Germany:Vehicles entering Berlin's inner city after tomorrow will require a special windscreen sticker as part of a plan to reduce air pollution.
The new sticker system, which classifies vehicles by their exhaust levels, effectively bans from the city centre all older cars and trucks without catalytic convertors or diesel exhaust filters.
Authorities hope the plan will reduce levels of fine particulate dust in the air - considered a serious health risk by the European Commission.
All cars entering Berlin's inner city - including those driven by foreign visitors - will require a red, yellow, or green sticker depending on the engine type and emission levels.
The stickers, available at the vehicle registration centre and garages, cost €5. Anyone caught without a sticker - or driving a banned vehicle - faces a €40 fine.
From tomorrow the city centre of Berlin - the area surrounded by the circle train line - will be classified as an "environmental zone" open only to stickered vehicles.
Cologne and Hanover also join the scheme tomorrow while most other German cities will follow suit during the year.
The move has been controversial because it bans from inner cities an estimated 1.7 million vehicles, according to figures supplied by the ADAC, Germany's equivalent of the AA.
The organisation is considering a legal challenge to the scheme on behalf of its members, claiming that cars produce just 5 per cent of fine particle dust.

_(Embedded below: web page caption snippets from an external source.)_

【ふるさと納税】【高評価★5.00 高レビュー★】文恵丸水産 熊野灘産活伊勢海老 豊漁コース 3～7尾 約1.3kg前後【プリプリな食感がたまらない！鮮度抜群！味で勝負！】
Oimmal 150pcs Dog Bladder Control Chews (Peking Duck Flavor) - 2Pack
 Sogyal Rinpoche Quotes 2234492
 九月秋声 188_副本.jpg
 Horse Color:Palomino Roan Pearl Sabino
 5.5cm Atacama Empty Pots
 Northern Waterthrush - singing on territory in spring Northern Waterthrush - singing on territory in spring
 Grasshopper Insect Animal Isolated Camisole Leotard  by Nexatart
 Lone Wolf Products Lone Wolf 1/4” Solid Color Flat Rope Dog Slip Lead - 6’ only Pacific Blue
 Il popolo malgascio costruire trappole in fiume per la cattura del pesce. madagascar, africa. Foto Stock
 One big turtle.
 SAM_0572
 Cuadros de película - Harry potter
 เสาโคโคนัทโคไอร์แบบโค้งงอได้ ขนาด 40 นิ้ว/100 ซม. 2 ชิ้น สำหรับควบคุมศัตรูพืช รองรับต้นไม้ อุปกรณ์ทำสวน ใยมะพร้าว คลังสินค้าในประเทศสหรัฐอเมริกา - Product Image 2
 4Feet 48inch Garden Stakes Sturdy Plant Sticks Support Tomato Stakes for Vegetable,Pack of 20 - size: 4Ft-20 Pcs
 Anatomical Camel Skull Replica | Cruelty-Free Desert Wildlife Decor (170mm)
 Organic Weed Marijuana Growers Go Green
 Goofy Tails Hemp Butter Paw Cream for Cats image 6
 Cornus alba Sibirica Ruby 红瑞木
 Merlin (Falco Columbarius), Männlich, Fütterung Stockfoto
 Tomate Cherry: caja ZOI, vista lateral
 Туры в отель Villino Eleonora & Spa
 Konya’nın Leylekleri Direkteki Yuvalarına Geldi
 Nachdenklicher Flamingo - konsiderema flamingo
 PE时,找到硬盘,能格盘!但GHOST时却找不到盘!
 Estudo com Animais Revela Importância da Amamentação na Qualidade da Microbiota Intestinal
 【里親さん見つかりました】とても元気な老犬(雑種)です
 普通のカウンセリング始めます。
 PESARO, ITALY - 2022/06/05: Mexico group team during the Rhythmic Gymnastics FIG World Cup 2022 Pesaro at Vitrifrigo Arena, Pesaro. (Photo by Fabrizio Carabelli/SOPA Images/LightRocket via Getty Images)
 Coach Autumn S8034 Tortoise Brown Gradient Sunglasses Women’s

But Berlin authorities have brushed off ADAC criticisms.
Although low tech, the three-tier sticker system allows them to control what vehicles go where in the city centre.
A European Commission study published last year estimated that 310,000 people fall ill every year in the EU as a result of inhaling harmful particulate matter. The study estimates that 1,000 of these cases occur in Ireland.
In Berlin an estimated 1.2 million car owners require one of the new stickers. After leaving it to the last minute, many drivers complained yesterday that garages were sold out of them until after the holidays.
Although traffic police will give warnings rather than fines in the first month, many risk-averse Berlin drivers say they will play it safe.
"I suppose I will just have to leave the car at home until I get a sticker," said Berliner Stefan Peggau.
It's not just black exhaust clouds that will vanish in Berlin from tomorrow - the German capital and many other states finally introduce a smoking ban in bars and restaurants.